Dall'altra sera gira un filmato diffuso dagli insorti in cui il ragazzo americano fa quel che fanno questi strani soldati americani di ultima generazione quando finiscono nei guai: si lamentano un sacco, vogliono la mamma, sognano la fidanzata e hanno nel cuore la loro patria lontana. Una roba che fa venire il latte alle ginocchia e rischia di infiacchire la già scarsa «vis pugnandi» di un esercito che è capace di fare la faccia feroce solo al cinema.
Nel video, naturalmente, il soldato Bergdahl chiede ai suoi compaesani di fare pressioni sulla Casa Bianca perché ritiri le truppe.
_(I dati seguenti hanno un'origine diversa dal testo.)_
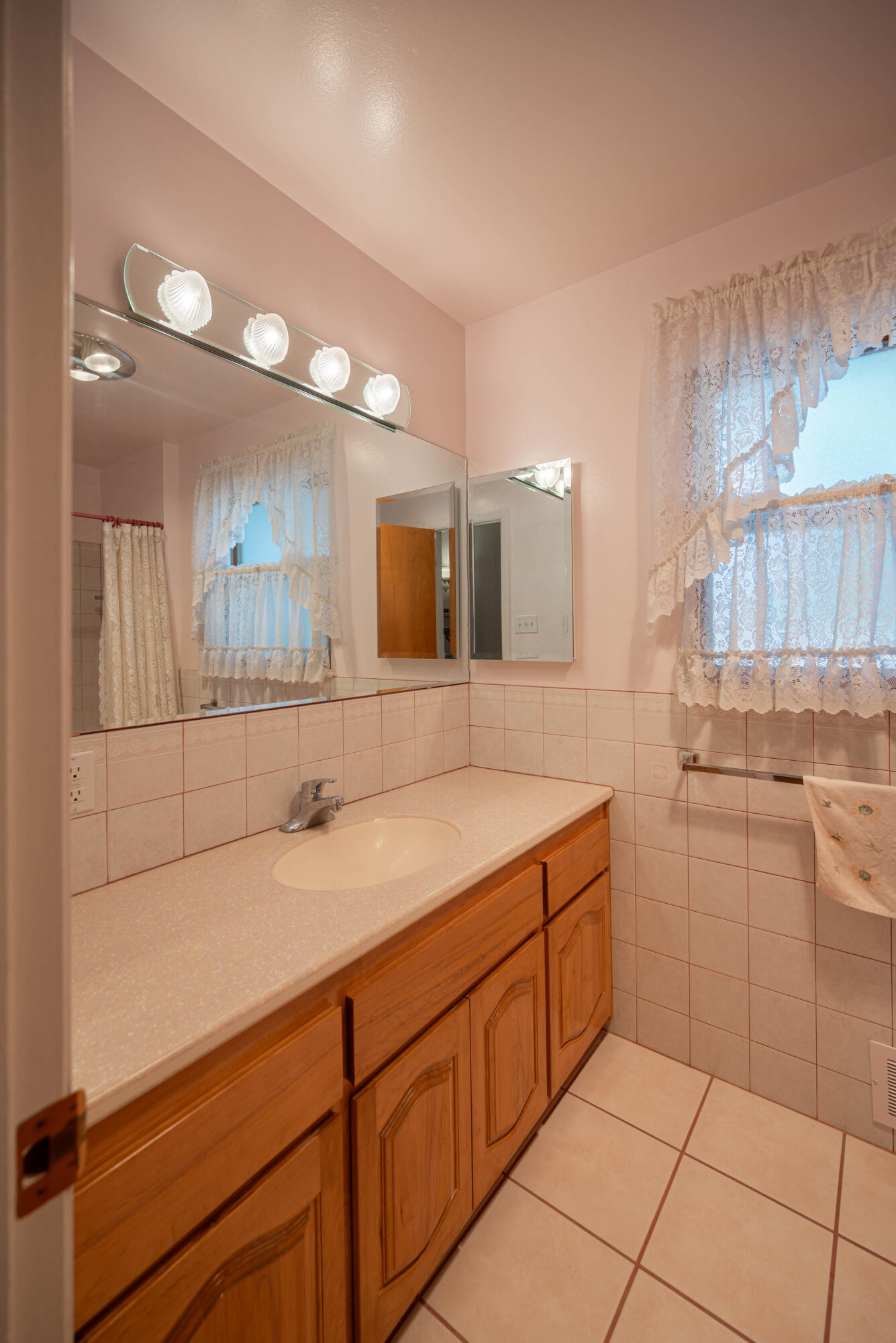 1200 Grove Street, Albuquerque, New Mexico image 27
Il che, ovviamente, ha suscitato la piccata reazione del comando americano a Kabul e del Pentagono, che definiscono la diffusione del video una violazione del diritto internazionale.
Il filmato dura 28 minuti. All'inizio si fa vedere il soldato che declina le sue generalità, confermate dalla sua placca di riconoscimento mostrata in primo piano. Bowe Bergdahl (il suo nome è stato diffuso solo ieri dal Pentagono) conferma di essere originario dell'Idaho e di avere 23 anni. Poi lo si vede mentre mangia e infine mentre risponde a una serie di domande che gli vengono poste da una voce fuori campo.
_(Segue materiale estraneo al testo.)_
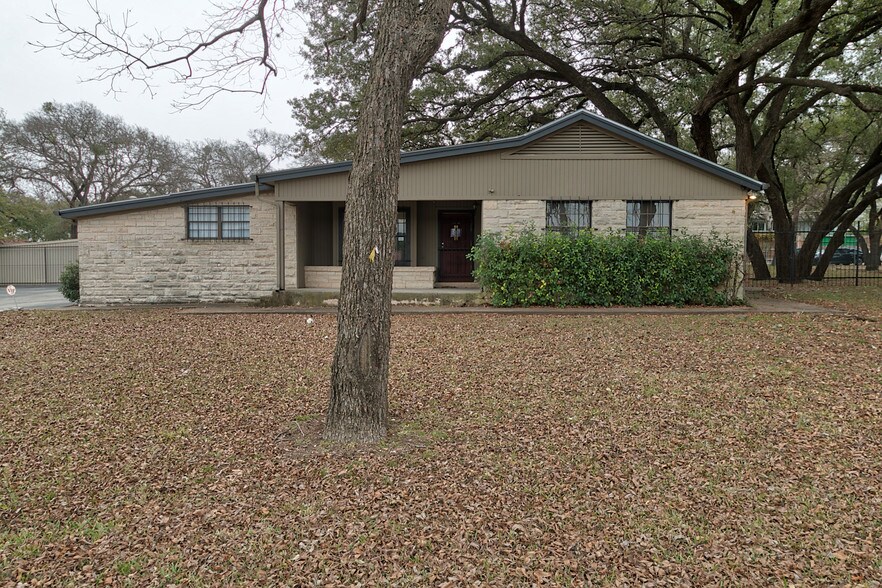 More Photos Of 8411 N Interstate 35, Austin Office For Lease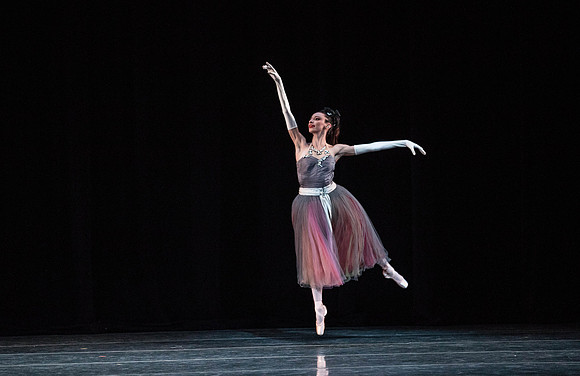 20180405_La Valse_Balanchine_Ravel__73A4340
Nella registrazione il giovane appare in buona salute. Ha i capelli rasati, la barba di qualche giorno e lo sguardo di chi è spaventato. Veste una tunica grigia, abito tradizionale afghano, ma intorno a lui non si vedono né facce né altri particolari che possano aiutare gli uomini dei servizi a capire dove sia la prigione del detenuto.
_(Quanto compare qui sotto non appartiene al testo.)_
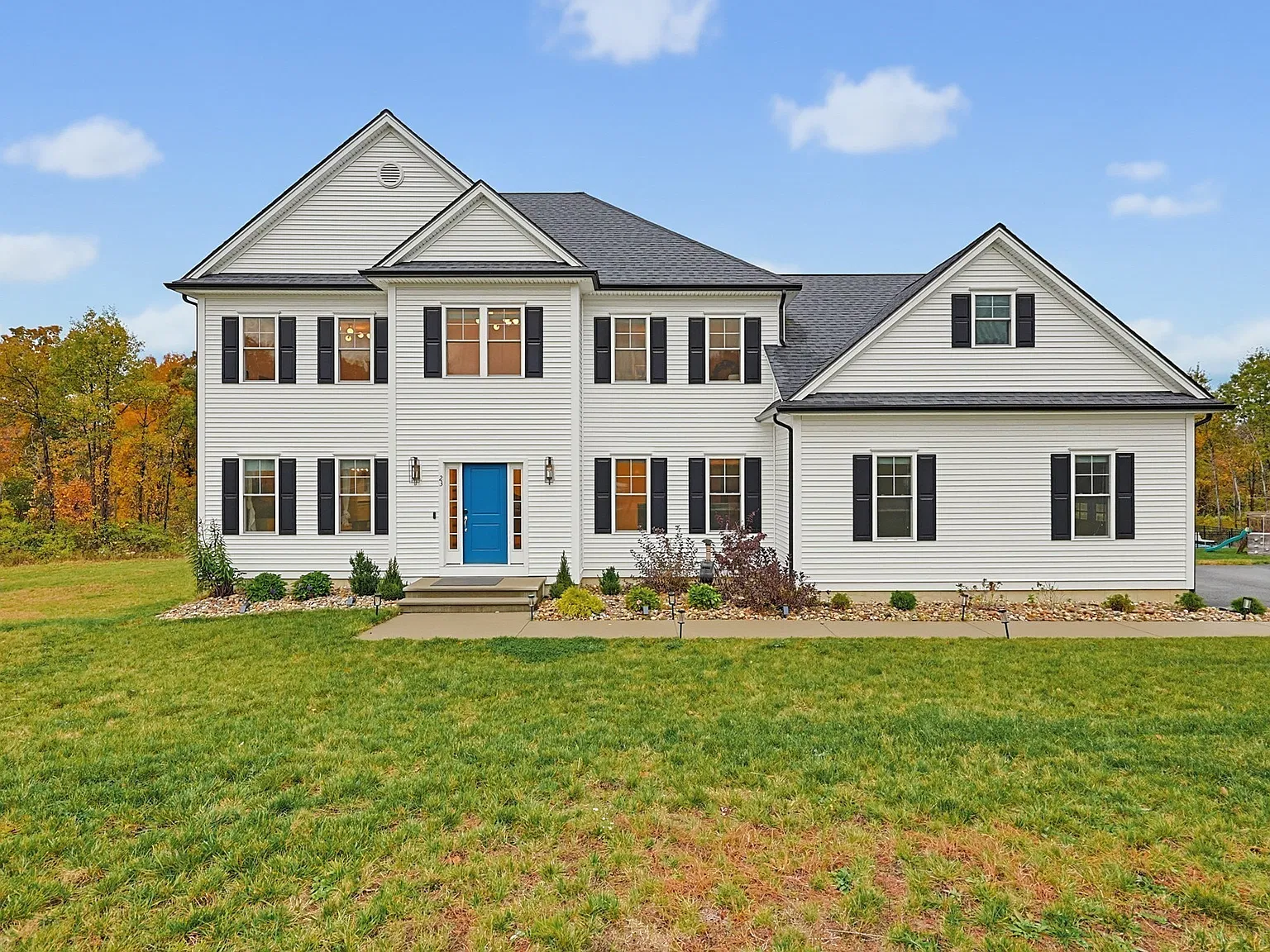 4 bed, 3.0 bath, 3154 sqft, $4,950 — Photo 1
«Sono stato catturato - dice il soldato - fuori dalla mia base, mentre ero di pattuglia». Poi si passa alla più pura propaganda. Evidentemente imbeccato, e altrettanto verosimilmente minacciato, lo sventurato Bowe risponde a domande «politicamente corrette» da cui emerge che l'invasione dell'Afghanistan è stata ingiusta e proditoria, che le forze internazionali provocano vittime civili e commettono abusi nei confronti dei prigionieri. Eccone un esempio. A un certo punto il ragazzo dell'Idaho afferma: «I nostri superiori ci dicevano di non preoccuparci se facciamo vittime fra i civili... I nostri comandanti ci hanno detto di trovare informazioni in qualunque modo, non ci sono regole».
Poi si passa all'autodenigrazione. Costretto a dire (ma che ne sa lui? ndr) che le perdite americane sono superiori a quanto ammette il comando Usa, il soldato Bergdahl ammette di essere spaventato, dice di volere tornare a casa, e aggiunge: «Penso alla mia ragazza, che spero di sposare. Penso alla mia bella famiglia, a casa in America, che io amo». Eccetera.
Quando gli viene chiesto se abbia un messaggio da inviare alla sua gente, il prigioniero risponde: «Sì. Ai miei connazionali che hanno qui i loro cari, che sanno quanto gli mancano, dico che hanno il potere di convincere il governo a rimandarli a casa... Per favore, riportateci a casa, così che possiamo stare laddove siamo nati e non qui a perdere il nostro tempo e le nostre vite».
Incollerita ma impotente, come si diceva, la reazione del Pentagono, costretto (dopo che il filmato è finito anche su You Tube) a rivelare l'identità del soldato. «Sfruttano la cattura del soldato, lo umiliano», dice il Pentagono. Dimenticando di aggiungere che la propaganda è un mezzo di pressione assolutamente legittimo, in guerra. E che quando ti tocca, ti tocca.